Credo insomma che il "frammento conoscitivo" ed il "piacere produttivo" siano, per fortuna, incomprimibili. E se l’azienda non se ne rende conto, cosa fare? Si può continuare a sperare che l’azienda in cui si lavora (o un’altra) si accorga, magari per caso, delle capacità inutilizzate, e decida di dare maggiori spazi (talvolta accade). E si può destinare altrove le proprie pulsioni: in modo da non sprecarle, in modo da oggettivarle –almeno parzialmente– in una relazione con gli altri.

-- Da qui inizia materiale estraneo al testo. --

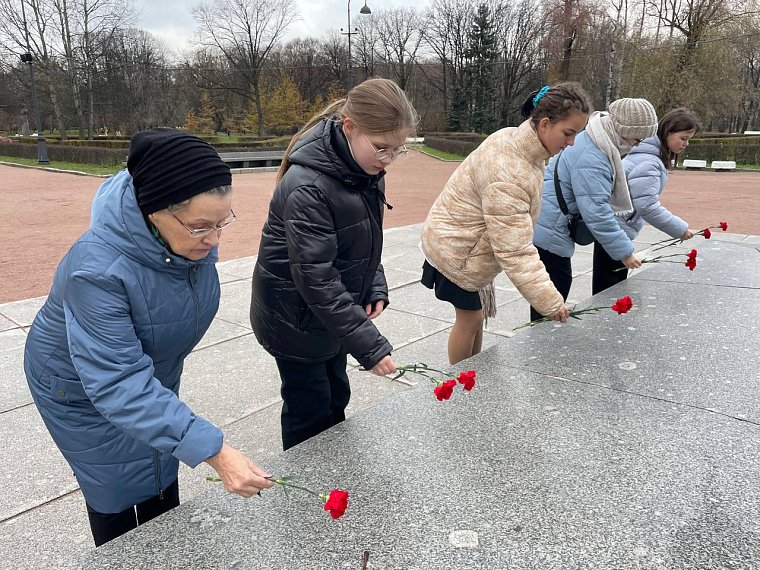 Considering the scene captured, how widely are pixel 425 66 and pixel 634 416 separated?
55.5 metres

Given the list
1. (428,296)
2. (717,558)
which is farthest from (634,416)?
(428,296)

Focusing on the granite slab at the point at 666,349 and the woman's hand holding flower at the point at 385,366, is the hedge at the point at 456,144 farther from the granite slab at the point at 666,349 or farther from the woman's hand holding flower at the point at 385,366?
the woman's hand holding flower at the point at 385,366

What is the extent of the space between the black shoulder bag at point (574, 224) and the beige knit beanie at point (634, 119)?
350 millimetres

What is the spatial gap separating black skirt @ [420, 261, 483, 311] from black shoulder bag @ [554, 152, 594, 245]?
0.78m

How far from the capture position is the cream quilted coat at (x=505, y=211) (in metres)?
2.46

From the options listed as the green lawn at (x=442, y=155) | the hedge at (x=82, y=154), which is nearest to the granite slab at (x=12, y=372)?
the hedge at (x=82, y=154)

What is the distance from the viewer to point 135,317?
1.43 metres

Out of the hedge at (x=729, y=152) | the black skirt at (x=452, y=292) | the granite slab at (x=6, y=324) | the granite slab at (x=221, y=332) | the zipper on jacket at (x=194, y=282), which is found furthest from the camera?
the hedge at (x=729, y=152)

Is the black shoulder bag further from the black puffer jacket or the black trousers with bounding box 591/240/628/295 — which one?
the black puffer jacket

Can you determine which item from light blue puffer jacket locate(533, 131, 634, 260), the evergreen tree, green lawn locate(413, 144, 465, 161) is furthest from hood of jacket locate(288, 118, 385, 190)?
the evergreen tree

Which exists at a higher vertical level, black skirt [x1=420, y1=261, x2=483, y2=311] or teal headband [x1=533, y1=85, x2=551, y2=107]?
teal headband [x1=533, y1=85, x2=551, y2=107]

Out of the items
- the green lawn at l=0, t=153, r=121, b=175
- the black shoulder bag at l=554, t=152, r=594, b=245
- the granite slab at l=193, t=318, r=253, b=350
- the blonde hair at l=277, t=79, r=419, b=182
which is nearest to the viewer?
the blonde hair at l=277, t=79, r=419, b=182

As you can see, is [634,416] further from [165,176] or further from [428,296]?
[428,296]

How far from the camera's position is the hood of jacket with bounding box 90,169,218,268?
4.50 feet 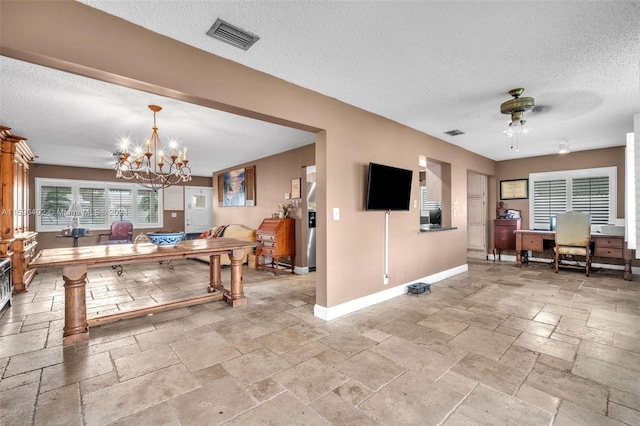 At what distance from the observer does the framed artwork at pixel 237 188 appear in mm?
7020

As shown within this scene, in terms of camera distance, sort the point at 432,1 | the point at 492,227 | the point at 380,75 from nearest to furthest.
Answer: the point at 432,1 → the point at 380,75 → the point at 492,227

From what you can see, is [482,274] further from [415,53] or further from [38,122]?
[38,122]

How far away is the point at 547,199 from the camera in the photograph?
6371 millimetres

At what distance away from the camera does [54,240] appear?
23.6 feet

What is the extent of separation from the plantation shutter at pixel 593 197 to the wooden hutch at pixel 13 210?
31.3 ft

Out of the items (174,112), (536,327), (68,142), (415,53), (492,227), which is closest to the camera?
(415,53)

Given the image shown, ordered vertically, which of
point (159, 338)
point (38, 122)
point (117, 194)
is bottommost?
point (159, 338)

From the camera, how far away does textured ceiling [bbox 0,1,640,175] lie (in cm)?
183

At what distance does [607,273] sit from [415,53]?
19.6 feet

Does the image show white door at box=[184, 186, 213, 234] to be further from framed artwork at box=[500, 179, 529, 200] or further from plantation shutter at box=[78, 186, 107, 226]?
framed artwork at box=[500, 179, 529, 200]

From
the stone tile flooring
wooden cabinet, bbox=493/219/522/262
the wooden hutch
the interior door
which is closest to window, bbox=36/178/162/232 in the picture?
the wooden hutch

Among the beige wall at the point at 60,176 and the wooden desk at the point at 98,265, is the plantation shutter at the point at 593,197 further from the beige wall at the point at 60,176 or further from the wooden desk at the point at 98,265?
the beige wall at the point at 60,176

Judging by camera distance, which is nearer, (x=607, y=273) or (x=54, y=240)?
(x=607, y=273)

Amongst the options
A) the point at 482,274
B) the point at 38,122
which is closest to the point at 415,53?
the point at 482,274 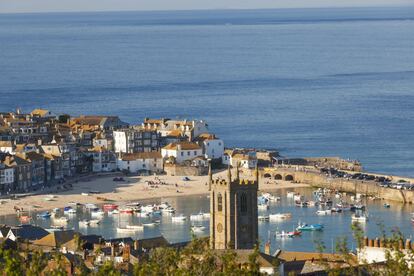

Io non credo sia "blasfemo e insincero" pensare che sia possibile costruire "sistemi aziendali in cui il lavoro sia piacere funzionale". Non credo che le Grandi Aziende non lo vogliano; il fatto è che non ne sono capaci.

La realtà di cui parli, "realtà di rapporti di lavoro fondati su scarsa professionalità, povertà intellettuale e isteria per l'assenza del potere agognato" è una realtà che la grande organizzazione subisce. Ma non una realtà che la grande organizzazione cerca e vuole.

Posso garantirti che almeno qualcuno, ai vertici di grandi aziende, e nelle direzioni del personale, si pone il problema. Con grande serietà si chiedono: come utilizzare meglio le ‘persone invisibili’, quelle che per carattere non ‘si mettono i mostra’ e non vengono messe in evidenza da nessun metodo di valutazione normalmente adottato?

Io credo che strumenti in grado di ‘portare alla luce’ queste risorse possono essere pensati e possono essere attivati. Come? Esperienze ed idee in proposito possono essere messe in circolo.

Questo è appunto lo scopo di Bloom. Bloom non vuole essere –non è– un piccolo mondo parallelo dove nutrirsi di illusioni. È un modo dove, senza deliri di onnipotenza, può crescere pensiero orientato a quella che tu chiami, con bella definizione, "produttività sincera, gioiosa e forse remunerativa". Aspetto dunque un tuo contributo.

Ultima, ma non ultima, la letteratura.

Secondo me (ognuno in forme diverse) Joyce e anche Proust; Mann, e in maniera più evidente Musil e Canetti, e anche Svevo, e anche Borges, secondo me parlano tutti, come tu dici, della Totalità. Ma non continuano a cercarla, perché sanno che è ormai irrimediabilmente alle spalle. Tutti loro ne celebrano la fine. (E dico ‘in maniera più evidente’ Musil e Canetti, e se vuoi Svevo, e se vuoi Kraus, perché hanno sotto gli occhi l’esempio più evidente della ‘fine della totalità’: l’impero asburgico, la Cacania). Bloom, prendendo da loro lo spunto, non cerca di costruire o ricostruire una qualche totalità. Ma solo di portare alla luce qualche frammento. Frammento di un forse possibile nuovo ordine. Frammento, in ogni caso, di un quadro che è per sua natura strutturalmente frammentario. La Rete, guarda caso, non è che un insieme di frammenti sparsi.